Chapter Three, Part One

 

I wake up and don’t know where I am, and then it comes flooding back to me. I am on ground zero, what I have formerly known as level two. In a house that looks like it is for a king. I get up and stumble into the kitchen, the only other part of the house I know. It is a big place. Nice and clean, if I didn’t know better than I might think it must be new. It is just clean. I make myself a sandwich and pick up the letter on my table. It said. “Not to be opened till first day of work.” I open it. There is a second note. “I mean it this it’s not a joke” I open the next envelope. “It is a thin sheet of what looks like wood, I realise that it is paper, we may have many things up on level two, but this is not one of them. It tells me in concise instructions where to go, when to do it, and even what colour briefcase to bring, I later realise it is because there is a selection of them in one of the cupboards and each has specific items in. But it still appears to be too controlling. That is something that I am going to have to get used to.

I arrive at the school. It is a cheerful place, many children playing.

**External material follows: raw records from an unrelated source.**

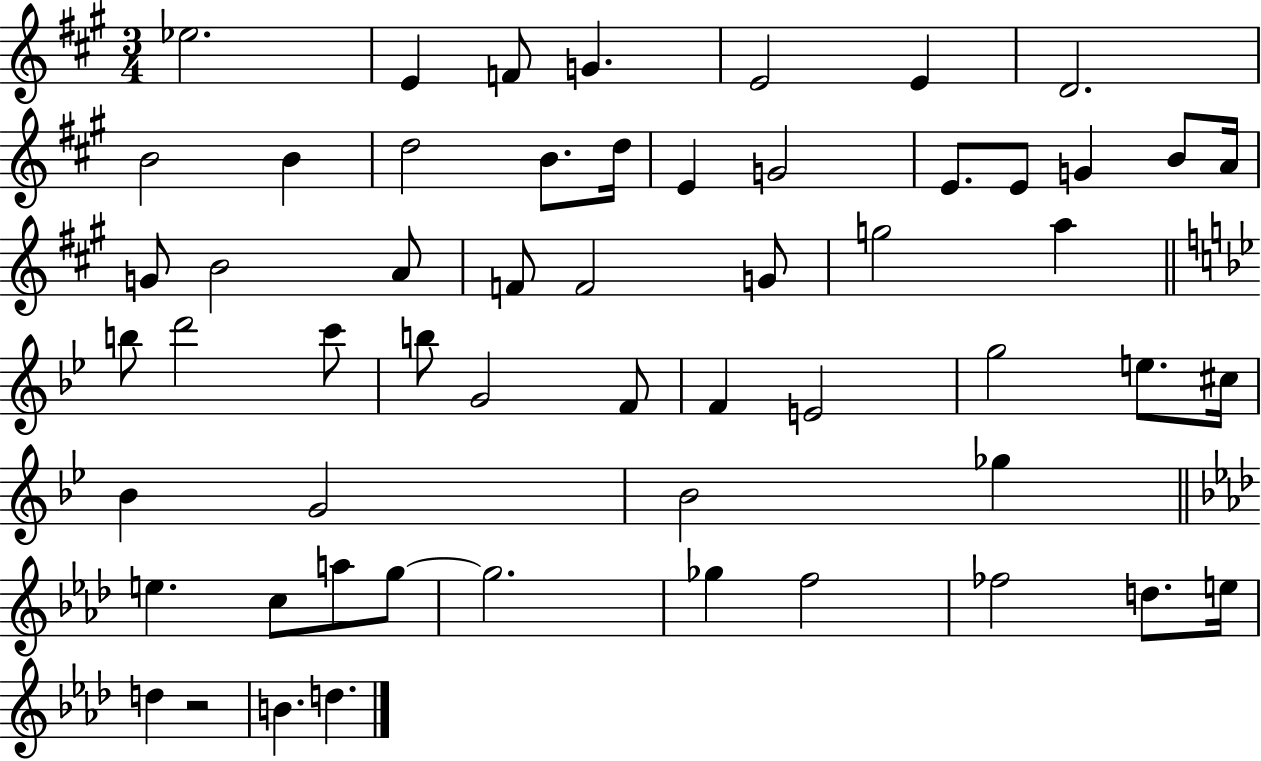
X:1
T:Untitled
M:3/4
L:1/4
K:A
_e2 E F/2 G E2 E D2 B2 B d2 B/2 d/4 E G2 E/2 E/2 G B/2 A/4 G/2 B2 A/2 F/2 F2 G/2 g2 a b/2 d'2 c'/2 b/2 G2 F/2 F E2 g2 e/2 ^c/4 _B G2 _B2 _g e c/2 a/2 g/2 g2 _g f2 _f2 d/2 e/4 d z2 B d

It still creep’s me out a bit, because they are all playing the games, without touching the ball. At times like this the saying comes back to me. Look mommy, no hands! I stifled a grin and walked in, following the handy arrows that said Staff room, on the sign posts.  I remember thinking that I know that this is a special school but they can t be that thick. I later found out that it was because the complex was so big, I really must stop trusting first opinions. I arrive at the staff room; it is like all other staff rooms in the world. Nice, smallish, and with a coffee machine. I am greeted by the other teachers. They say welcome, do all the things teachers do like tell you of bad stents and so on. It was thoroughly enjoyable. I must wait for the bell and supervise the lessons. There is only one class, so I have the whole day to look after just one class. This may be even easier than I thought. But the words they said to me as I left stuck in my head. “Make sure to duck when you first enter the classroom.”